Thursday, August 27, 2009

"Mr. Jones" by Counting Crows (1994)



1994. My last year of high school and first year of university. "Alternative" music is as popular as it has ever been and ever will be. Kurt Cobain has just killed himself but Pearl Jam, Alice in Chains and God knows who else from Seattle are still there to keep up the overly serious moping.

I had spent my whole life listening to 'alternative' radio stations and watching 'alternative' video shows (yes, there was a time when non-music TV channels had 'video shows', just like they'd have a 'news broadcast'). This was a time for redemption! A time when my musical tastes were vindicated!

I was bored out of my mind.

Stuck in my university dorm with whiny white males shrieking at me on all sides, I became about as contrary as I could be. I responded by blasting out Neil Diamond and Johnny Cash - before they became cool, mind you, before Rick Rubin had 'rehabilitated' both of them in the minds of 'cool kids'.

I get no credit for my progressive music tastes...

Anyway, I was still very much into new music. There was a lot of new stuff I was digging and exploring at the time - both inside and outside the mainstream. Well, in any case, the 'mainstream/alternative' spectrum had been altered, and first-year university students are obsessed with being as 'alternative' as they can be (not just musically, of course), yet within that range I found myself with pretty catholic musical tastes.

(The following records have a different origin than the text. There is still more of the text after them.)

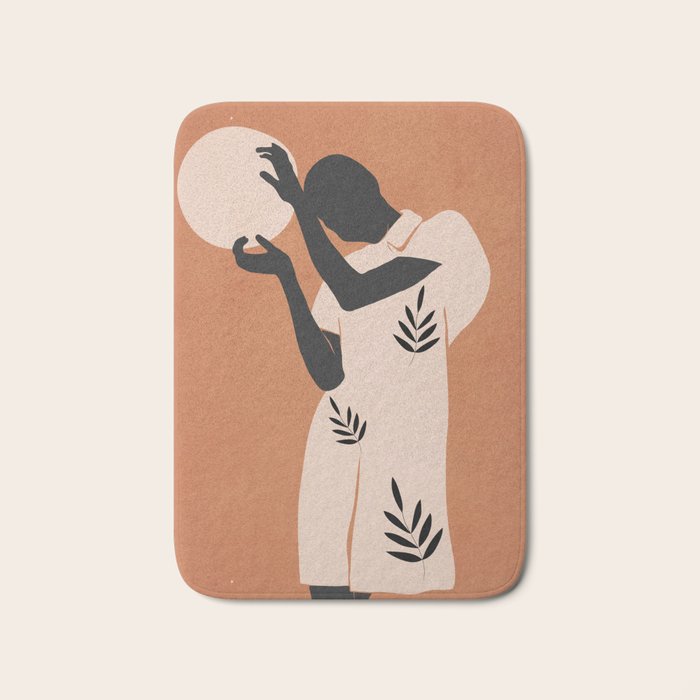 Minimal Abstract Art Sunset Girl 5 Bath Mat Gallery Image 1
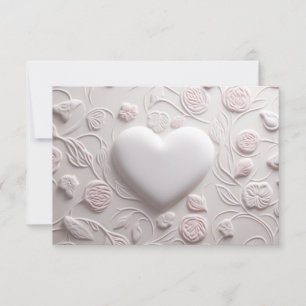 White Hearts (Embossed Look) Blank RSVP Card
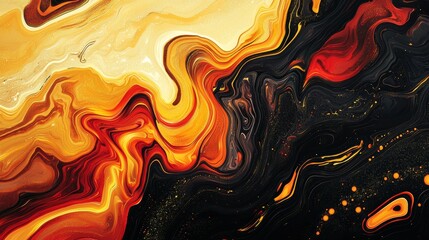 Poster - Fluid acrylic painting mixing black, gold and red paints creating stunning visuals, perfect for backgrounds, posters, and other design projects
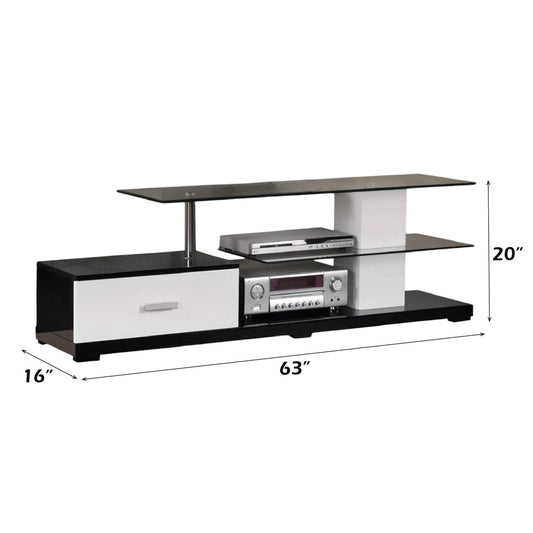 ACME Ivana White & Black TV Stand Model 91140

Adam Duritz has found plenty of ways in the years since to annoy the bollocks off of me (dating Jennifer Aniston, for example). Yet this initial volley still inspires me. It's almost Dave Matthews Band or even Spin Doctors, and sooner or later it's bound to soundtrack a beer commercial, yet there is something real and genuine here. Wikipedia claims that Duritz suffers from dissociative disorder. I would have no idea about that, but if it's true, it would make a more than a little sense - or rather, this song might make a little more sense. I've never seen Counting Crows live, and if I've seen a video for this song it doesn't stick in my mind, but I imagine Duritz singing it in a kind of spaced-out reverie. He seems to be well in his own world here, emoting to and about his Dylan-rip-off acquaintance (note: if you're stealing your signature song's archetype from a Bob Dylan song, you might not want to actually say "I want to be Bob Dylan" in your lyrics). He doesn't quite take flight, but you sense that he performs this song without really any awareness of the people around him.

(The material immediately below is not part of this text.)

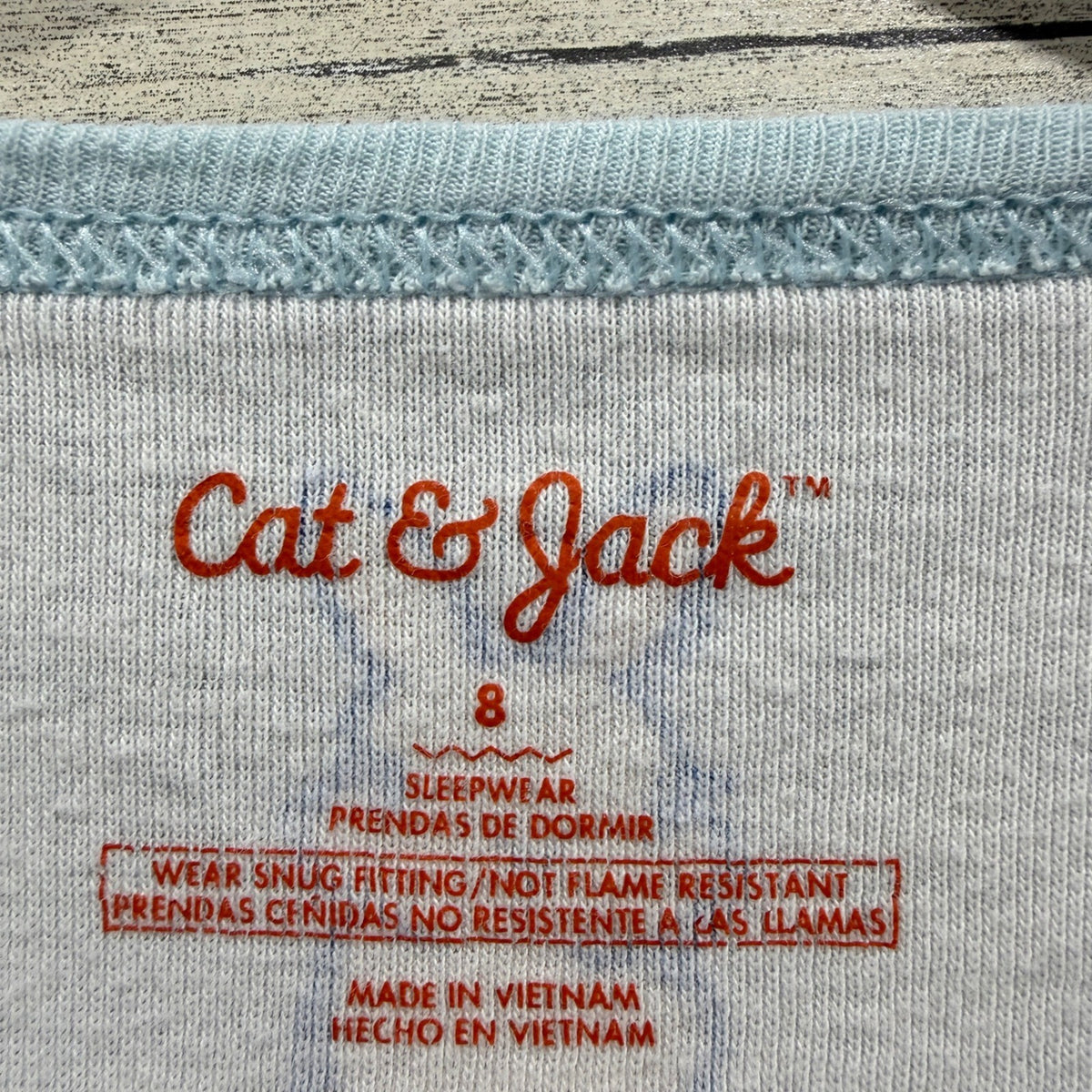 Cat & Jack Pajama Set Boys Size 8 Light Blue Bunny Print Sleepwear2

If it's so, that might be creepy, but it taps into something transportative about the best music that I constantly find myself looking for. Music should send the listener somewhere. It needn't send the performer somewhere, but if it does, it can create a bond between listener and performer - a bond, of course, later undone if the performer happens to be kind of a wanker. Adam Duritz is, clearly, speaking a load of rubbish here about whatever comes into his head ("Grey is my favourite colour; I felt so symbolic yesterday. If I knew Picasso, I would find myself a grey guitar and play") and I imagine listening to a dozen songs just like "Mr. Jones" would be a fresh hell. Yet as a one-off, as a novelty, "Mr. Jones" still works.